Zamanın durmasını istememizi sağlayacak kadar mutlu olduğumuz anlar var mıdır?
En mutlu olduğunuz an bile, 'gelecekte belki daha da mutlu olacağım bir an olur' ümidiyle zamanın akmasını ister miydiniz?
Ruhunuzu, sonsuza dek sürecek mutlu bir an karşılığında satar mıydınız?
Goethe mi, Faust mu yoksa şeytan mı olmak isterdiniz?
Herkesin ruhunu satın alabilecek bir şeytan olma karşılığında satar mıydınız ruhunuzu?
Mutluluklar karşılığında ruhumuzu almak için böyle kötü bir melek neden var acaba?
Niye mutlulukla kötülük ya da mutlulukla şeytan arasında hep bir ilişiki var gibi?
Neden iyilik melekleri bize huzuru, kötülük melekleri mutluluğu sunuyor?
Neden huzur ve mutluluk, mutluluk ve iyilik bir araya pek gelmiyor?

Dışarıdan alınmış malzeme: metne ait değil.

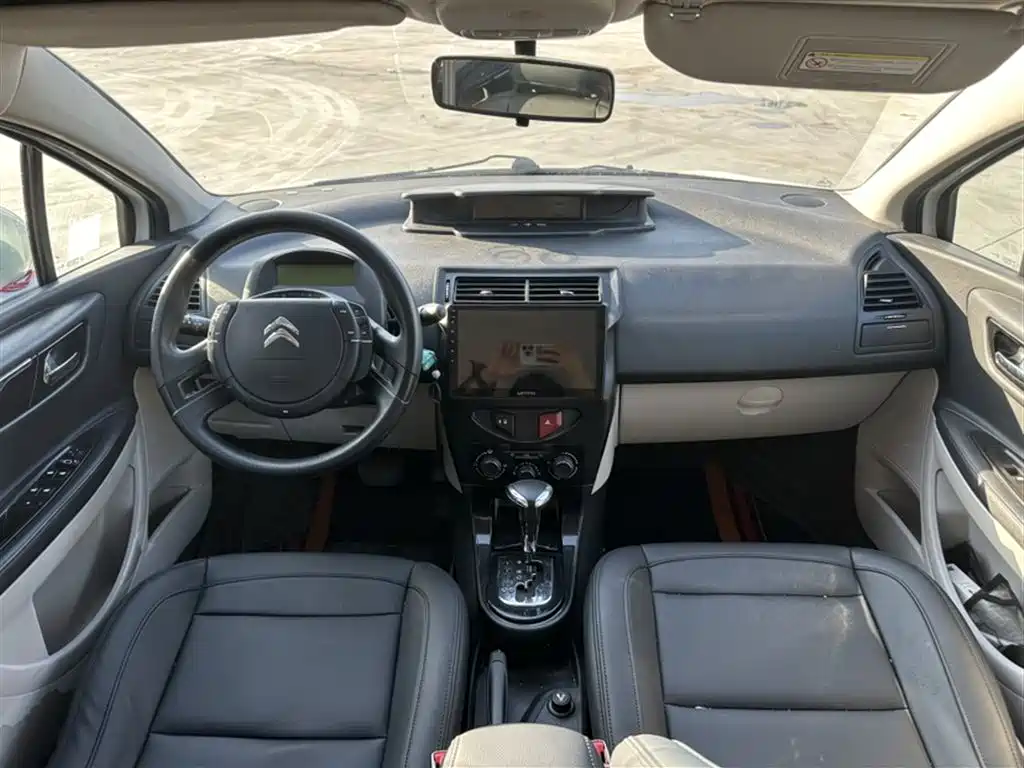 Citroën C-Quatre 2015 2013 Model Sedan 1.6L Automatic Premium Style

Neden dalgalı bir okyanustaki yalnız bir deniz feneri gibi, mutluluk, huzursuzluklarla kötülüklerin arasında çakıyor?
Neden mutsuzluğa ulaşmak için muhakkak şeytanın pelerinine sürtünmek gerekiyor? Ve neden şeytan bir mutlu an karşılığında hemen ruhumuzu almak istiyor?
Neden Tanrı, melekleriyle birlikte şeytanı da gönderdi bize?
Şeytanın dokunmadığı bir mutluluk, günahın değmediği bir aşk var mı?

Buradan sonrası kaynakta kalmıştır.